How China’s farmland-reclamation campaign is driving aggressive crop expansions and land-use crackdowns
- Increasing the acreage of major foodstuffs has become a central priority for Chinese leadership in ensuring that enough food is available in the face of worrisome threats
- But an aggressive acreage expansion is raising questions over soil sustainability and the earnings of farmers forced to grow essential crops instead of lucrative ones

Tucked between a hillside village and a highway in eastern China’s Zhejiang province lies a vast field growing one of the world’s most important oilseed crops.
Thin and tall rapeseed plants – from which canola oil is derived – span about 60 hectares (148 acres) of newly reclaimed farmland in suburban Hangzhou. And in each of the field’s four corners are piles of hog manure waiting to be applied as much-needed fertiliser.
It wasn’t that long ago when part of this field laid idle while another portion was divided up for use among villagers to grow vegetables and garden plants. But in the past year, the entirety of the field has been contracted to a local agricultural company to grow grains and oilseeds under a government-led initiative.
For Fang Xueyong, the company’s owner, it wasn’t a profitable deal, at least not in the short term.

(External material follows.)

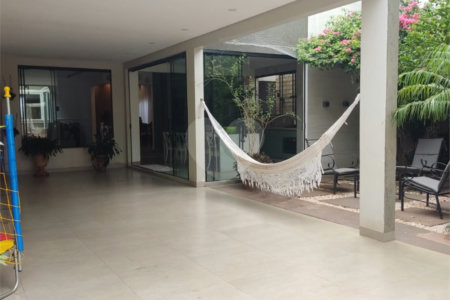 Casa à venda com 4 quartos, sendo 1 suíte,  em Bosque de Ponta Porã, Ponta Porã, MS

For starters, he pointed to the land’s suboptimal fertility after having gone years without fertiliser that supplies crops with nutrients and improves the soil structure.
“Productivity will be 30 per cent lower than in my other fields,” he said, “but the government wants to increase the acreage of major foodstuffs, so we just responded to the call.”
The agricultural undertaking is part of a nationwide farmland-reclamation campaign that has been rolled out to support greater crop yields at a time of rising food insecurity, owing largely to strained ties with the West and the effects of the Ukraine war.